Any smart boss is looking for pushback. Here’s why, and how you can push back in a way that’s good for everyone.
When I coach new or emerging leaders, I often offer this protip: if nobody’s speaking up or objecting to your direction, it’s probably not because you’re perfect. It’s because folks feel like they can’t speak up. The cone-of-silence phenomenon is devastating to morale and effectiveness.
So, any smart boss is looking for feedback and for pushback (at varying levels of snarkiness, LOL). But although leaders have a role, employees also have a role.
First, what do you do if the third grade bully (you know the one) is your boss?
That’s a no-win scenario. Vote with your feet. Get out. The organization that YOU want to work for values the minority report.
Assuming that you don’t have the third grade bully as your boss, here are some rules of engagement.
Start. Someone has to start the conversation. Let it be you. Don’t wait for someone else; help your boss out. It is likely that his or her perfect plan is probably not so perfect, and that the plan needs your input, also known as pushback on the not so perfect parts. There is a virtuous cycle of feedback: once one person breaks the ice, others will jump in.
Be respectful. Obvious, I know, but there’s a huge difference between pushback and being obnoxious. Just think “dignity and respect.” You don’t want to HAVE the third grade bully, so don’t BE the third grade bully.
“Rule of Two.” I always speak up, but I use a “rule of two”: If my suggestion is not welcome the first time, and I think it’s important, I might take another run at it in a group situation, but I won’t speak up more than twice in a group.
Single out. The rule of two is not to say that I won’t have a conversation later about the same situation. But, if my feedback doesn’t go anywhere in a group situation, I’ll huddle later with the boss to share my concerns. A one-on-one meeting later on can focus on nuances that aren’t so obvious in a group.

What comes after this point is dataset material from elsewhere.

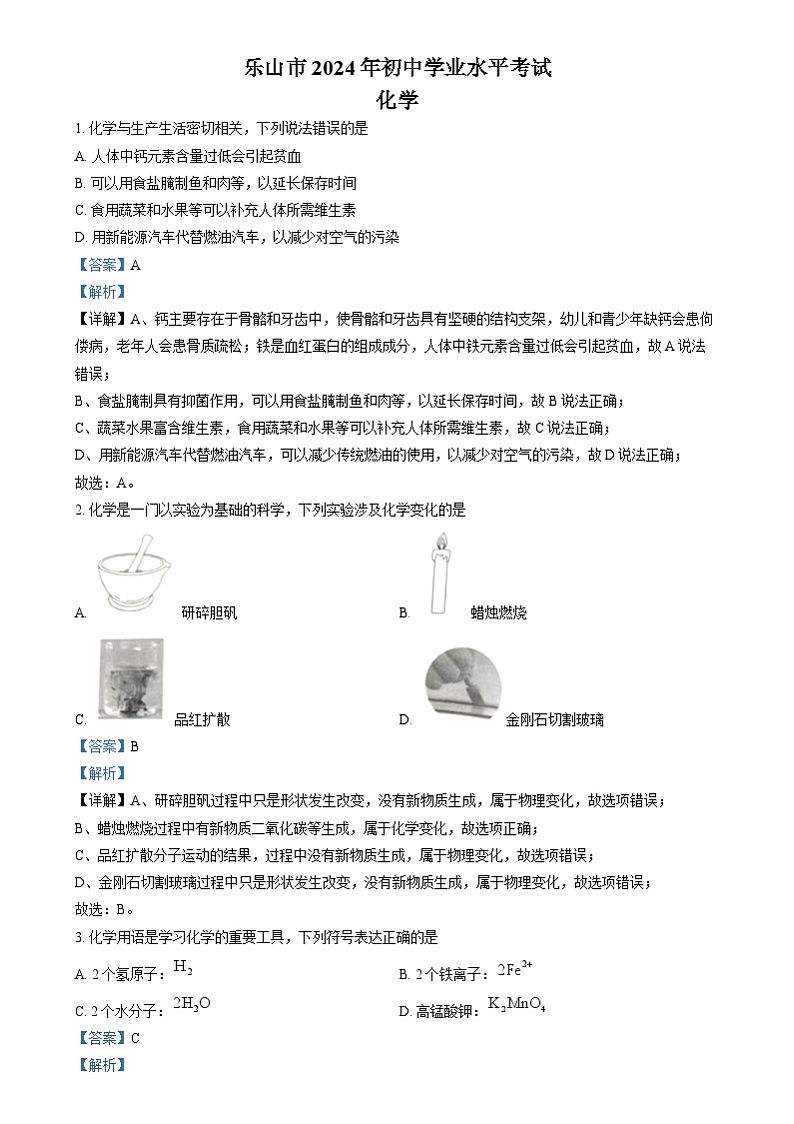 2024年四川省乐山市中考化学真题（解析版）第1页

Get educated & customize. Fill your mental toolbox with tools to avoid groupthink. Grad school isn’t for everyone; not everyone has the patience to sit through an MBA. But that doesn’t mean that you can’t make a study of organizational behavior. One key education to-do: learn about personality archetypes (such as Myers-Briggs) and customize your feedback to your audience. Often, the key to getting through to someone is to understand preferences. So, your extraverted boss probably is fine with in-person feedback, but your introverted boss might prefer an email that allows for some pondering. Learn about negotiation; I recommend Robert Fisher & William Ury’s “Getting To Yes” as an approachable and useful book.